Último poste da série de 16 de Maio de 2016 > Guiné 61/74 - P18637: Parabéns a você (1434): Vasco da Gama, ex-Cap Mil, CMDT da CCAV 8351 (Guiné, 1972/74)

quarta-feira, 16 de maio de 2018

Guiné 61/74 - P18641: Historiografia da presença portuguesa em África (115): Uma reunião invulgar: a Conferência dos Administradores, Bissau, 1941 (1) (Mário Beja Santos)



1. Mensagem do nosso camarada Mário Beja Santos (ex-Alf Mil, CMDT do Pel Caç Nat 52, Missirá e Bambadinca, 1968/70), com data de 31 de Janeiro de 2018::

Queridos amigos,

Nunca me fora dado ler um relato de uma reunião com tanto detalhe, debates abertos entre o governador, altamente documento, e os administradores de circunscrição, presentes na conferência chefes de serviço. Passou-se a pente fino um conjunto de dossiês, com relevância para a economia agrícola, mais que compreensível, estávamos a chegar ao auge da guerra, exigia-se que a colónia produzisse num máximo de autossuficiência que adquirisse um outro elã exportador. Nessa economia agrícola, falou-se de tudo, da seleção de sementes, da apicultura, dos preços do arroz, das charruas, das queimadas e da reflorestação, das hortas e pomares. Mas também da língua portuguesa, da ereção de mais igrejas e da política indígena relacionada com a escolha dos régulos.

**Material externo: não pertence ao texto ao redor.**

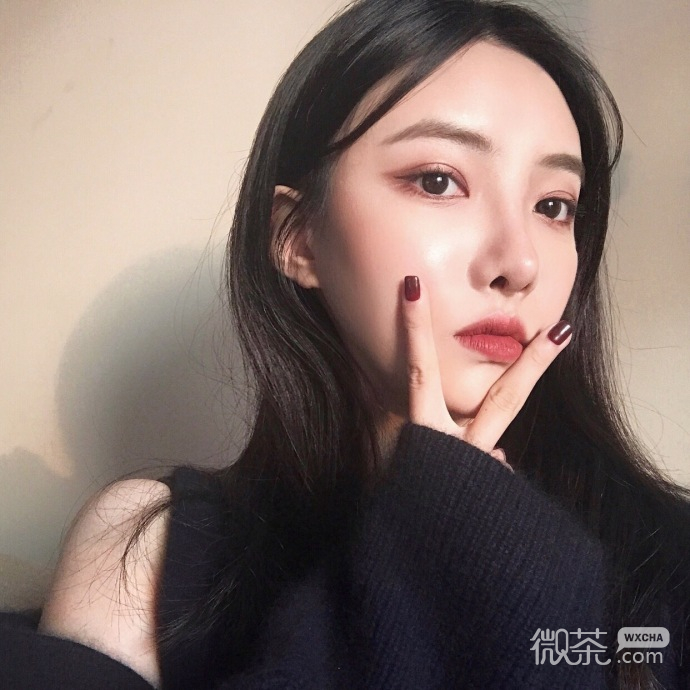 纯洁干练长发女头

Ricardo Vaz Monteiro sai muto bem neste retrato: competente, senhor do seu papel de governador, eivado de nacionalismo. É bem provável que tenha sido ele a impulsionar este livrinho, sem data, sem editor, bem discreto, mas que revela que há mais de três lustros a Guiné já não tinha governadores de farsa, militares que estava ali de passagem, o seu mandato foi de 1941 a 1945, segue-se o ilustríssimo comandante Sarmento Rodrigues.

Um abraço do
Mário


Uma reunião invulgar: a Conferência dos Administradores, Bissau, 1941 (1)

Beja Santos

Estamos no início de Dezembro de 1941, o enorme conflito bélico que avassala a Europa e os territórios da União Soviética dá uma nova guinada, ao tempo ainda não se sabe que é determinante: os japoneses atacam a marinha norte-americana em Pearl Harbor e Hitler declara guerra aos Estados Unidos. A vida da colónia na Guiné tem restrições severas, a França capitular e o Reino Unido resistia às investidas alemãs, as exportações, o comércio em geral, viviam mais do contrabando e as receitas do Estado minguavam.

É governador da colónia o capitão Ricardo Vaz Monteiro, dá-se a singularidade de estar entalado entre duas figuras que ganharam projeção, antes, Carvalho Viegas, que se lançou afanosamente nas obras públicas, e Sarmento Rodrigues, que traz uma estratégia distinta para a colónia: desenvolvimento, saúde, mais administração, um projeto para a educação e cultura.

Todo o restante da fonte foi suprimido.